Le président: «Disparue au point de vue commercial» veut dire qu'il est très peu probable qu'un jour le poisson atteigne de nouveau...en raison de la faible population du stock - j'essaie de parler en scientifique - il est très peu possible que l'espèce atteigne de nouveau sous peu une taille marchande. S'agit-il ici d'une espèce disparue au point de vue commercial?

M. Doubleday: Je suis enclin à penser que l'expression «disparue au point de vue commercial» veut dire «qui n'est pas en nombre suffisant pour qu'on songe à une pêche rentable». Mais si cela signifie pour vous qu'il est peu probable que la situation revienne à un niveau où une pêche commerciale est envisageable, je ne crois pas que nous ayons atteint ce stade.

Le président: Mais selon votre première définition de l'expression «disparue au point de vue commercial», le stock de morue du Nord est une espèce disparue au point de vue commercial. Quelle est votre définition? Et selon votre définition, la morue du Nord est-elle un stock disparu au point de vue commercial?

M. Doubleday: De façon générale, les scientifiques commencent vraiment à s'inquiéter lorsque les biomasses du stock de géniteurs tombent à environ 10 ou 15 p. 100 au-dessous des niveaux normaux. Dans le cas de la morue du Nord, nous sommes bien au-dessous...

Le président: On est 99 p. 100 au-dessous. Donc, si on dépasse les 10 ou 15 p. 100, les scientifiques sont inquiets, et nous sommes à 99 p. 100 dans ce cas-ci.

M. Doubleday: C'est exact. Nous serions très préoccupés si on se livrait à n'importe quelle pêche à ce stade-ci. Or, qu'une pêche rentable de la morue du Nord soit possible ou pas à l'heure actuelle, c'est discutable. Notre évaluation se fonde principalement sur la population hauturière, que l'on pêche depuis 100 ans.

On trouve des morues dans les baies où elles passent l'hiver. Quelques pêcheurs locaux pourraient peut-être faire un peu d'argent en les pêchant. Je ne sais pas si on pourrait parler d'une pêche commercialement rentable.

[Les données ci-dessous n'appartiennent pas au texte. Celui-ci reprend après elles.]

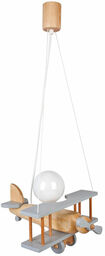 Lumes Szara lampa wisząca dla chłopca samolot -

Le président: Y a-t-il des statistiques, y a-t-il des données qui prouvent qu'un stock ayant été réduit à 1 p. 100 de sa taille de frai, la biomasse, se soit jamais rétabli? Dans l'affirmative, pouvez-vous me dire de quelle espèce il s'agissait?

M. Doubleday: Dans le cas de la morue, la meilleure illustration est le Groenland. Au cours des années 1800, la morue a emprunté la zone extracôtière du Groenland.

Le président: Le stock a-t-il jamais baissé à 1 p. 100?

M. Doubleday: À plusieurs reprises. On ne faisait pas d'étude à bord du navire de recherche à l'époque, mais à la lecture des registres, on a l'impression que la morue était tantôt absente, tantôt présente, puis de nouveau absente. Or, la morue du Groenland est liée à l'Islande... les larves s'y amoncellent poussées par le courant. Il s'agit donc de la progéniture de la morue provenant d'Islande. Lorsque les conditions sont favorables, un segment de reproduction extracôtier devient autosuffisant.

Le président: Mais je demandais s'il y avait des preuves scientifiques, des données quantifiables, montrant que quelque part dans le monde un stock ayant été réduit à 1 p. 100 avait survécu?

M. Doubleday: Dans le cas de certaines espèces pélagiques, celles qui vivent dans la tranche d'eau, c'est arrivé à plusieurs reprises.

Le président: Le hareng a-t-il baissé à ce point?

M. Doubleday: La sardine de Californie et l'anchois du Nord alternent, quand l'un augmente de l'ordre de 100 p. 100 l'autre diminue, et vice versa. Dans le cas du pilchard japonais, on peut en pêcher des millions de tonnes certaines années et par la suite quelques milliers de tonnes seulement.

Le président: Jusqu'à environ 1 p. 100?

M. Doubleday: Oui, dans cet ordre.

Donc, ça arrive.

.1405

Le président: Je vous remercie beaucoup de votre présence ici aujourd'hui. Nous savons combien la science est de nos jours un domaine difficile et, si imprécises que soient ses conclusions, elle nous est précieuse quand il s'agit de traiter d'un domaine aussi complexe que la pêche. Merci.

Nous reviendrons à 15h30, chers amis.